Intergovernmental Panel on Climate Change Spins Latest Report
December 12, 2013
Every six years, the Intergovernmental Panel on Climate Change (IPCC) spins out another Assessment Report along with its accompanying Summary for Policymakers. "Spin" is the operative term, says Kenneth P. Green of the Fraser Institute.
- How the Summary for Policymakers (SPM) describes their levels of certainty and confidence in their findings has evolved over the years.
- The most recent report claims with 95 percent confidence in their finding that human beings are responsible for more than half of the observed climate change since 1950.
What does it mean, exactly, to have 95 percent confidence in a selective analysis of a vast body of literature that is too abstruse for even the authors of the reports to understand entirely? The reality of the IPCC's certainty is that it's really just a best guess, a self-assessment by authors with a vested interest in having their work believed by policymakers.

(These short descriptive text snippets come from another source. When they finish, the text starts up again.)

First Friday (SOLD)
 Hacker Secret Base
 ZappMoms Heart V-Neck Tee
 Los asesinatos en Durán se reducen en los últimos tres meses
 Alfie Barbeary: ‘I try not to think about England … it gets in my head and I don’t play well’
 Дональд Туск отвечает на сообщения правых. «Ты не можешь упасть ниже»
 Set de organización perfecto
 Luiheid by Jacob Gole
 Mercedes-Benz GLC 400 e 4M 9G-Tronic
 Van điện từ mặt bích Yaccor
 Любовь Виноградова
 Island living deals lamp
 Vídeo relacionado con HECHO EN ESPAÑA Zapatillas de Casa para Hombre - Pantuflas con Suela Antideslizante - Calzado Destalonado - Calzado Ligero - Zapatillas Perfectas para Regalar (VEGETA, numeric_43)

Dutifully, the mainstream media carries the findings of the report at face value, simply accepting that the IPCC is playing it straight with what they know and what they understand about the climate system and manmade climate change. The media treats the claims in the SPM as though they were the results of rigorous studies subject to statistical testing, rather than bother readers with the reality that this is really just a large, highly selective literature review in which subjective evaluations by a government-picked group of climate experts rule the day.
Decent journalists should know better: the Summary for Policymakers is, and always has been, a document intended to tell the narrative that the United Nations and other groups who promote catastrophic climate change have wanted it to tell. Nothing more, and nothing less.